[Haskell-cafe] Re: Hmm, what license to use?

Simon Marlow simonmarhaskell at gmail.com
Fri Oct 3 07:59:30 EDT 2008


Magnus Therning wrote:
> On Wed, Oct 1, 2008 at 6:03 PM, Simon Marlow <simonmarhaskell at gmail.com> wrote:
> [..]
>> Dynamic linking doesn't solve all the problems, we still have the problem
>> that GHC does a lot of cross-module inlining, regardless of whether dynamic
>> linking is used.  However, I really would like to have a way to have
>> complete control over what is exposed across a package boundary.  We need
>> this not just for licensing reasons, but also for making a dynamic library
>> with a fixed ABI, so it can be upgraded later.
> 
> I have a really hard time following this.  Are you seriously saying
> that GHC is inlining code from modules _and_ link dynamically at the
> same time.  That seems like a remarkably strange thing to do, or maybe
> I'm just missing something.

That's exactly what would happen, if we shipped dynamic linking support 
with GHC as it stands.  It's just a linking mechanism, an alternative to 
static linking, and has no impact on the amount or nature of 
inter-module optimisation that GHC does.

> My understanding from another thread on here was that dynamic linking
> isn't working reliably, not even on Windows, where it once was
> supported.  It has never worked on any other platform.
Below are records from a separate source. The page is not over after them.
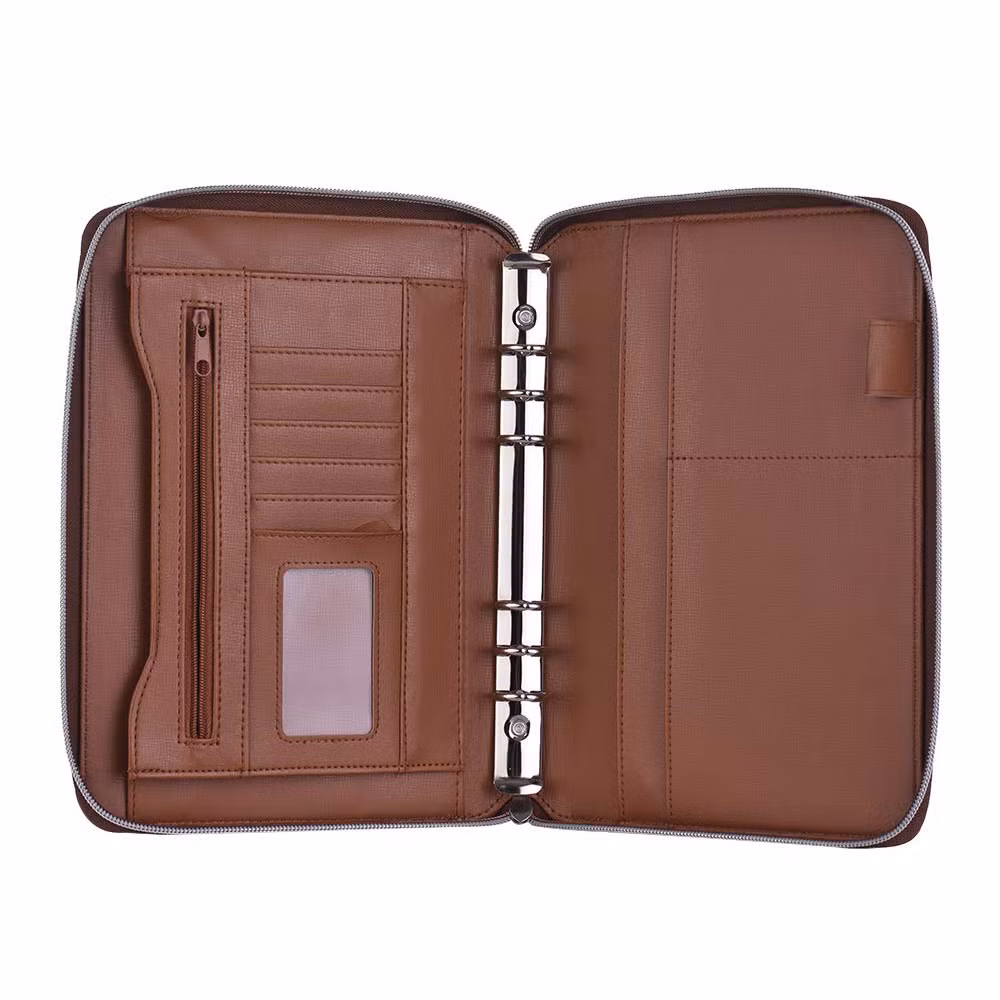 A5 Notepad Ring Binder Journal Customized Brown Notebook Wholesale Leather Portfolio Folder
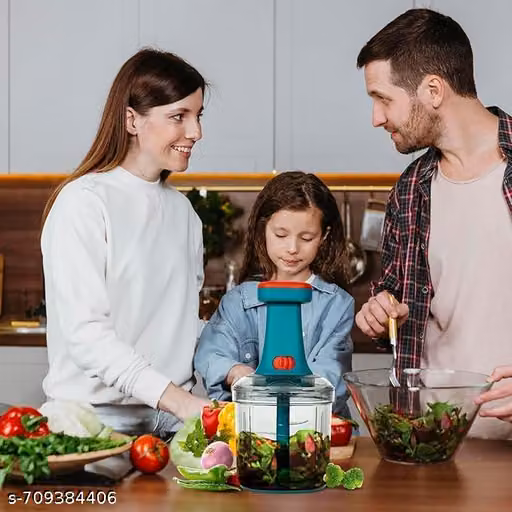 Chopper for Kitchen Use 1100 ML, Push Chopper with 6 Blades, Vegetable ChopperKitchen Accessories Items for Home Cutting Vegetables, Onion, Ginger, Garlic, Salad, Tomato, Potato (C2)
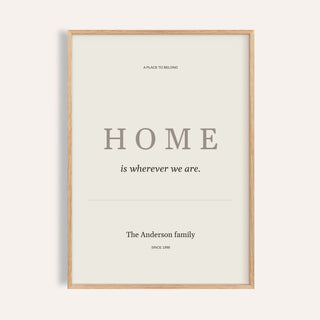 Home Personal Print personalised print, shown framed in natural wood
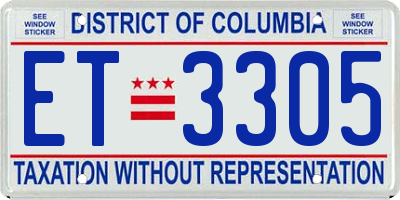 DC license plate ET3305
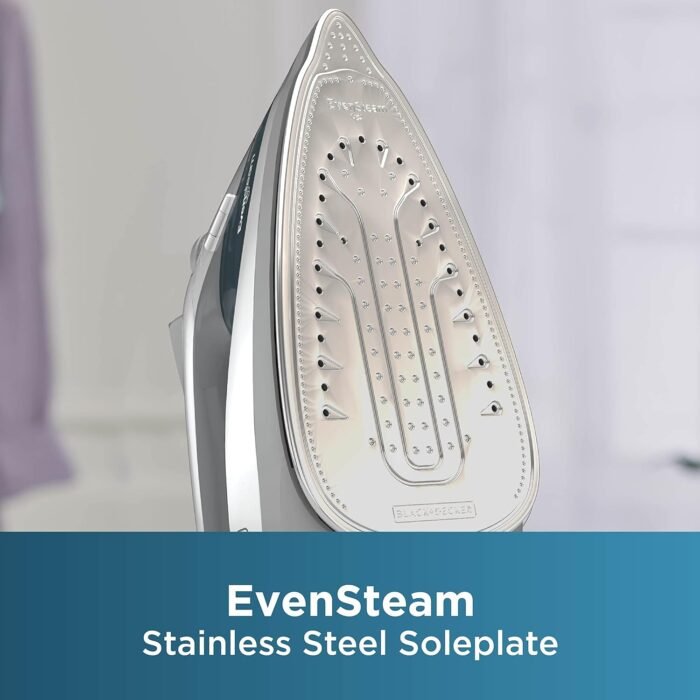 black decker one step steam iron with even steam stainless steel soleplates and smart steam control grey image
The fundamental mechanisms are working on {x86, x86-64, PPC, PPC64} / 
{Linux, OS X, Windows} and possibly other OSs.  However right now you 
need a few small patches to the source tree to get it to build.  Most of 
the unresolved issues are around how to construct binary installs, and 
how executables will find their libraries when the run (e.g. if you 
install GHC privately in your home directory).